There is another aspect to Mardi Gras that becomes straining for locals; street shutdowns. The parades are large in scope and take hours to complete. Many of the main streets between uptown and downtown are shut down for vehicle traffic. St. Charles Avenue and Canal Street are where most of these parades take place. They are both shut down to vehicle traffic at least two hours before the parades begin. On certain days you could have three parades, taking hours to complete. If you are someone who must get to the uptown or downtown area for work, school, emergencies, and so on, you had better plan to leave at least an hour or so earlier than the two-hour shut down period. Say you have to be at work at five pm and your job is in that parade zone, the streets shutdown vehicle traffic at three pm. So, you’d have to leave at least around two pm or sooner to avoid not having a way to get to work. Don’t even get me started about parking.

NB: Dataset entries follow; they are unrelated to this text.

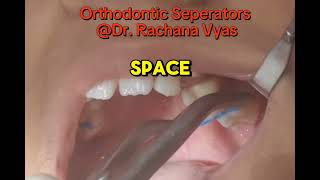 Orthodontic Seperators  spacers [upl. by Bo]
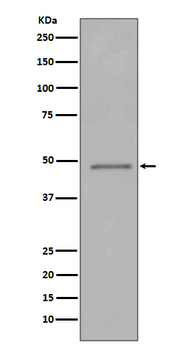 FOXP3 Rabbit mAb Antibody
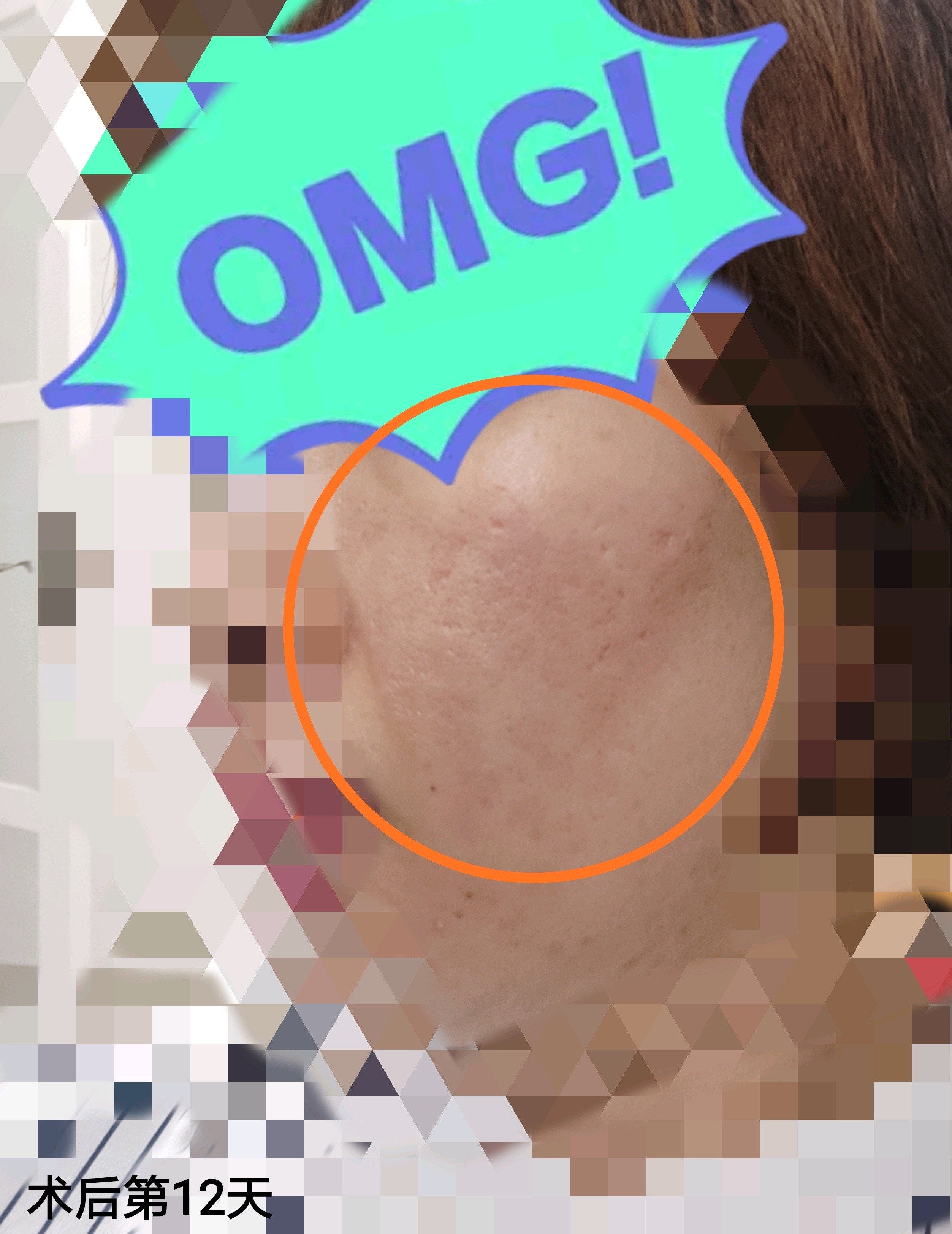 点阵激光怎么样_恢复过程_效果如何_氧气0wo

These factors usually create frustration for many locals, simply trying to go about their daily routine. The city doesn’t shut business down for these events, nor does life shut down. Mardi Gras becomes an added inconvenience for a lot of locals. This, in turn, becomes resentment. The tourists can enjoy themselves feely, without worry of jobs or other commitments. This has led to a perception that Mardi Gras is purely a tourist holiday. This makes locals, like me, feel resentful. Mardi Gras is supposed to be a New Orleans holiday, meant to be enjoyed by locals as much as tourists. Yet, the locals are treated more like theme-park employees in their own city. New Orleans, especially for Mardi Gras, has become an adult Disneyland.
Tourism is not a bad thing, to be fair. Everyone loves going on vacation, seeing new places, having new experiences. Yet, when a city’s entire economy becomes dependent on tourism, it makes the festivals and “culture” of the city seem fake. The locals know these festivals, like Mardi Gras, are only to reel in and cater to tourists anyway. Every year, a new festival seems to be created to pull in more tourist dollars. Many of the “authentic” New Orleans festivals and parades tourists witness, are devoted mainly to cater to them. They are about as spontaneous and cultural as Mickey Mouse greeting you in at Disneyland.
It is also worthy to note that there is an ecological issue associated with Mardi Gras. Millions of tons of plastic beads and trash accumulate over the years of these parades and festivities. The plastic beads are the worst of these. They are made with toxic chemicals that are not degradable. These beads get lodged into street drains, which cause a lot of issues with plumbing. It gets worse. 90% of these beads wind up in landfills and waterways that are eventually dumped into the ocean. One year 93,000 pounds of beads were excavated from St. Charles Avenue storm drains, which had caused flooding issues.
Mardi Gras is supposed to be a holiday for everyone in New Orleans. Yet, it has become dominated by tourists seeking an “authentic” New Orleans experience. Mardi Gras today is about as authentic as those beads the floats toss at you. Locals like me resent these circumstances, yet it seems impossible to change it at this point. New Orleans depends on tourism. Sadly, this makes many locals trapped in a service industry economy that overworks them, underpays them, and frustrates them when they should be in just as much celebration as the tourists they serve.